## Assignment
Once the line with "Budapest (Lánchíd)" is found in the data, output it and each following line exactly, up to and including the line with "H. G. Wells: The", and nothing before or after.

## Data supplied
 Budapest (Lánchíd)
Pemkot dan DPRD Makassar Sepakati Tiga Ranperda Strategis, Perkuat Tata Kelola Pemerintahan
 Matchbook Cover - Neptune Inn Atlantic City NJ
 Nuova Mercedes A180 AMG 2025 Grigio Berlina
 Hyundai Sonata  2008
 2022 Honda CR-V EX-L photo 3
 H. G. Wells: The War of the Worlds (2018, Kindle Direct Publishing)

---

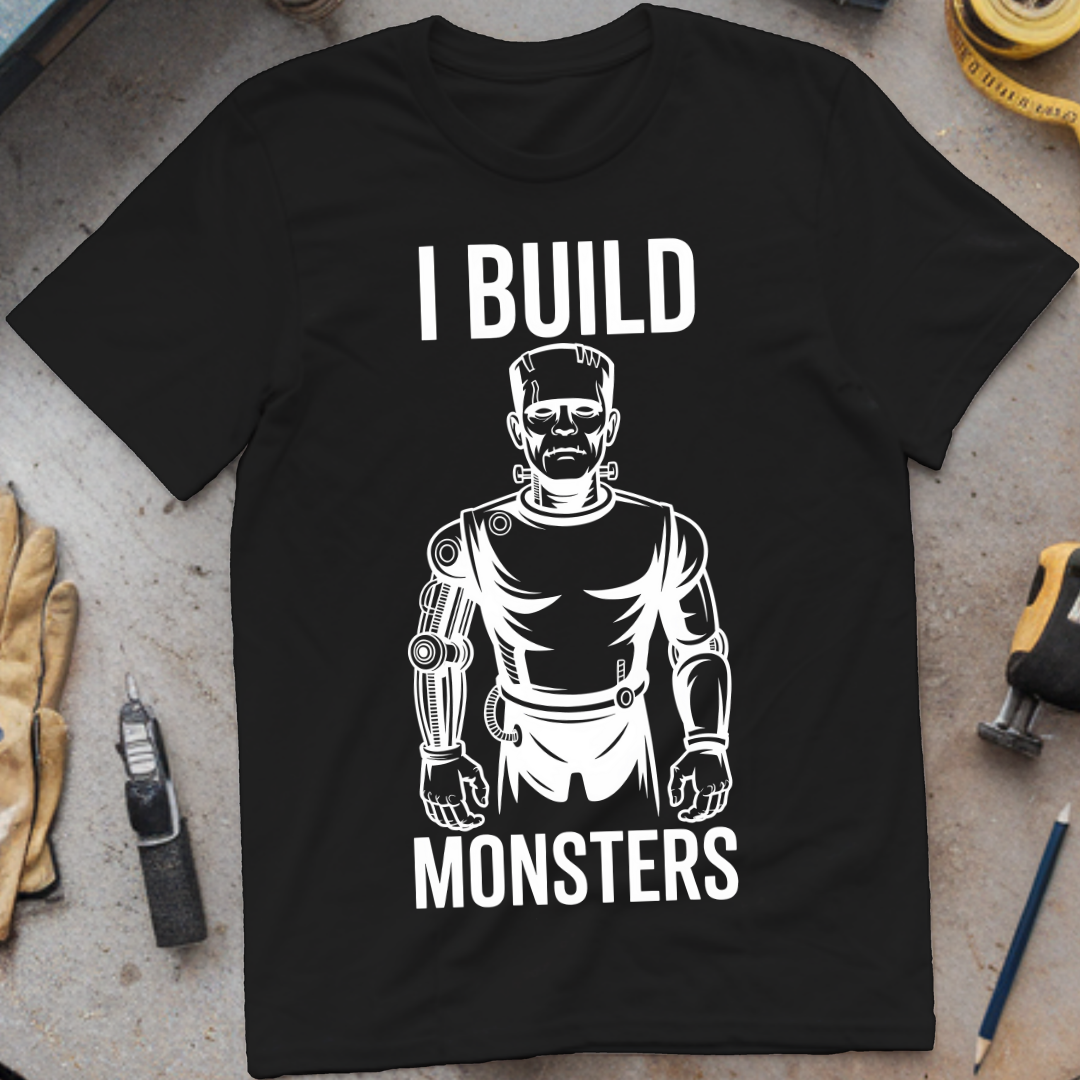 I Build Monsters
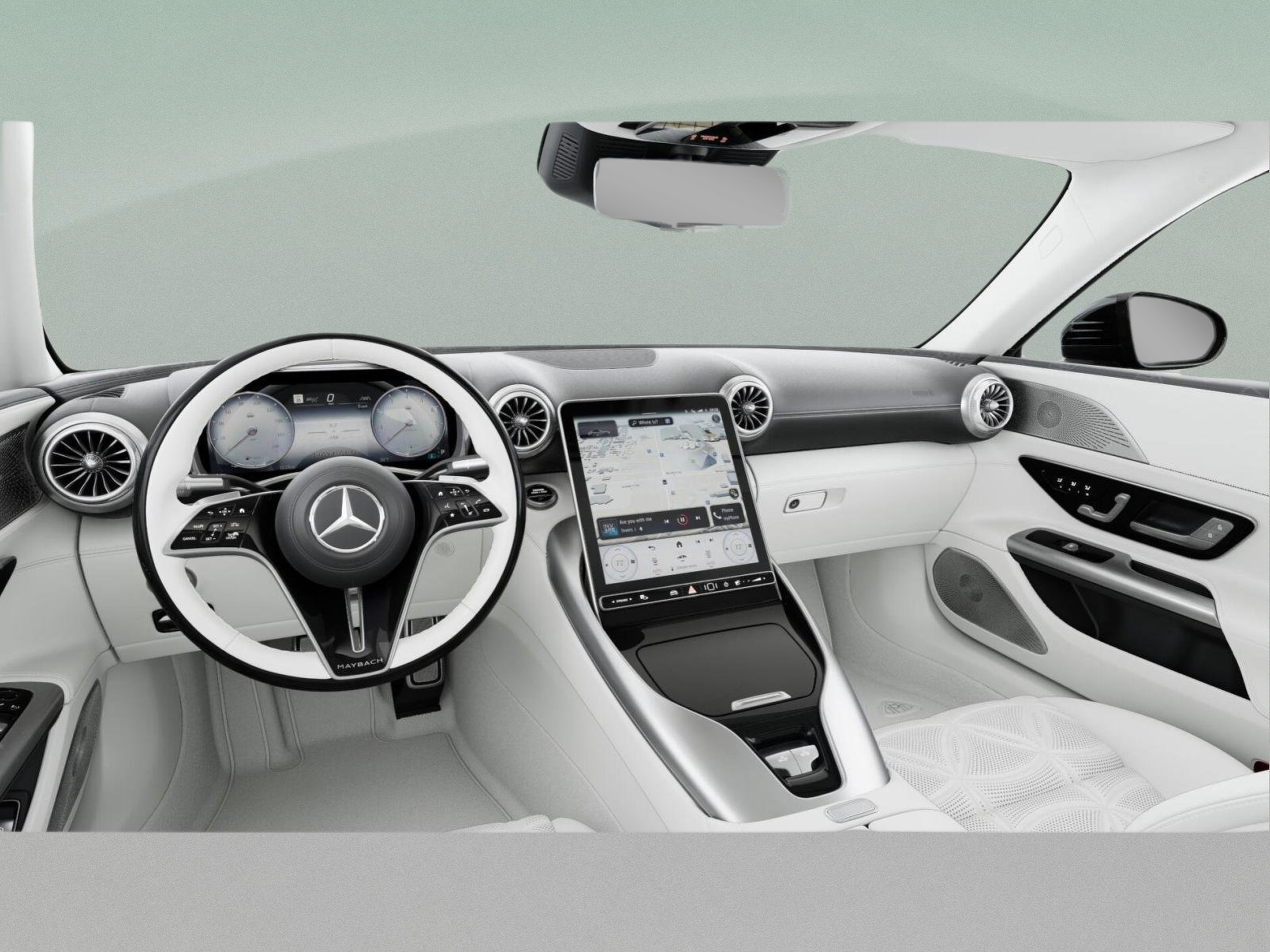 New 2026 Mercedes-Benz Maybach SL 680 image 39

## Written response
 Budapest (Lánchíd)
Pemkot dan DPRD Makassar Sepakati Tiga Ranperda Strategis, Perkuat Tata Kelola Pemerintahan
 Matchbook Cover - Neptune Inn Atlantic City NJ
 Nuova Mercedes A180 AMG 2025 Grigio Berlina
 Hyundai Sonata  2008
 2022 Honda CR-V EX-L photo 3
 H. G. Wells: The War of the Worlds (2018, Kindle Direct Publishing)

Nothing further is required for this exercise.